> **INFORMATION PROVIDED**:
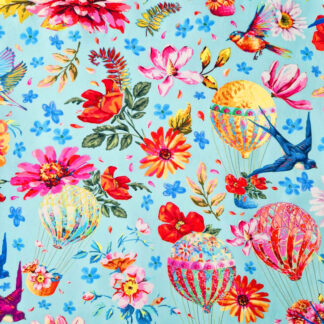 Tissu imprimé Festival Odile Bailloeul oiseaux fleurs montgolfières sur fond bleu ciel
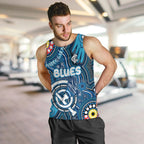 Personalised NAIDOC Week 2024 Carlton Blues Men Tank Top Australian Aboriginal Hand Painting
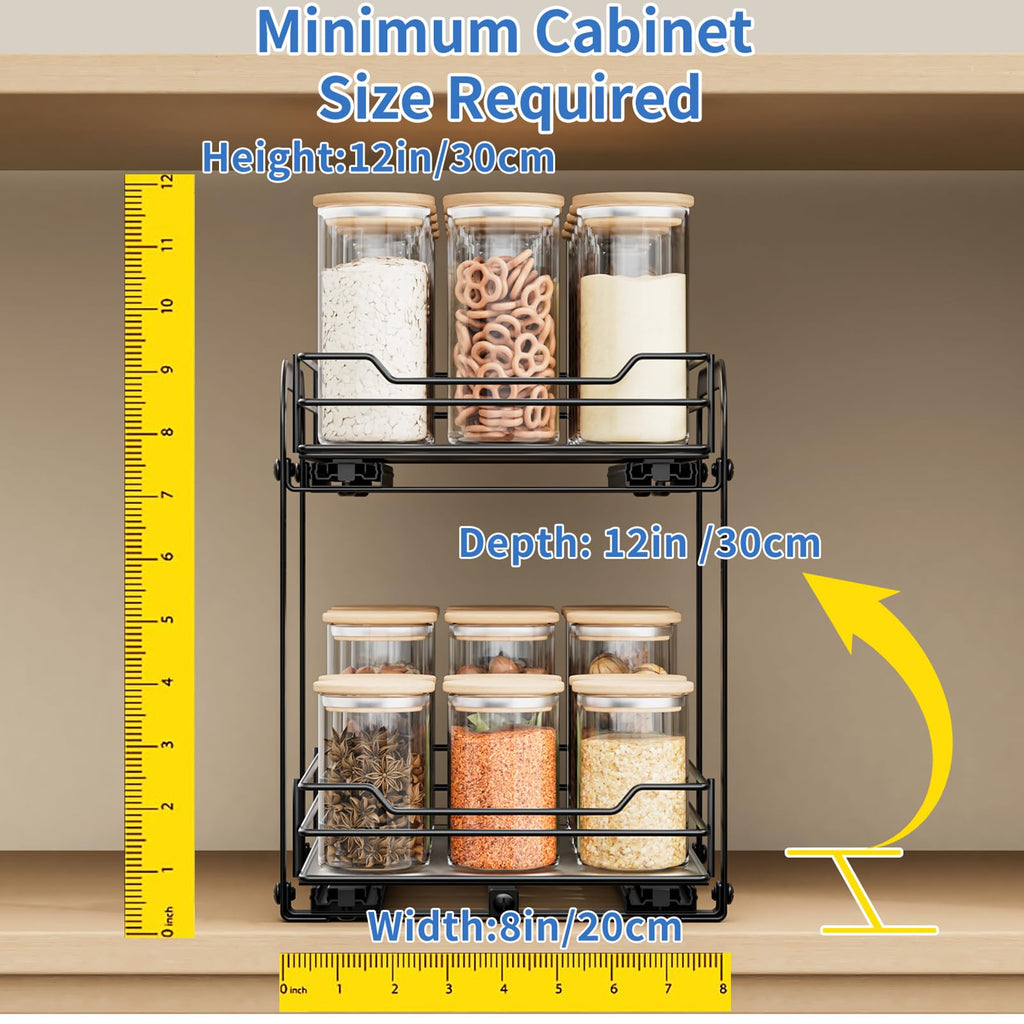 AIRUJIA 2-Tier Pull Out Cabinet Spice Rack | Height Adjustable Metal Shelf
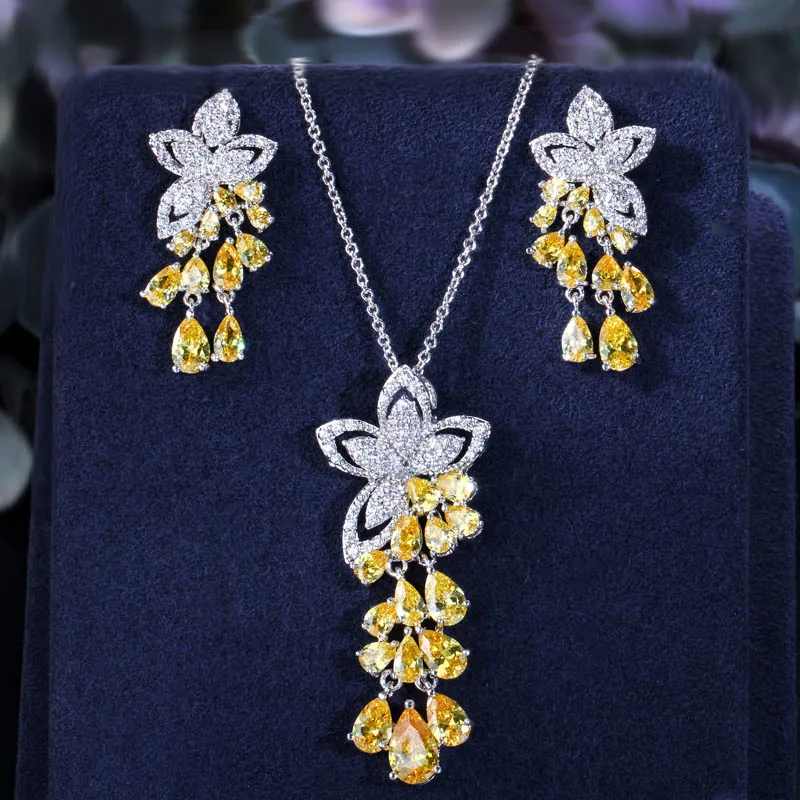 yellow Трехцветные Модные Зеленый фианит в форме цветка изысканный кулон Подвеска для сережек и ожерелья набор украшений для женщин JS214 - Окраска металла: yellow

> **REQUIRED WORK**:
Give back exactly the lines from the line with "Personalised NAIDOC Week" through the end of the material above, inclusive, with no pictures.

> **OUTPUT FOR THIS EXERCISE**:
 Personalised NAIDOC Week 2024 Carlton Blues Men Tank Top Australian Aboriginal Hand Painting
 AIRUJIA 2-Tier Pull Out Cabinet Spice Rack | Height Adjustable Metal Shelf
 yellow Трехцветные Модные Зеленый фианит в форме цветка изысканный кулон Подвеска для сережек и ожерелья набор украшений для женщин JS214 - Окраска металла: yellow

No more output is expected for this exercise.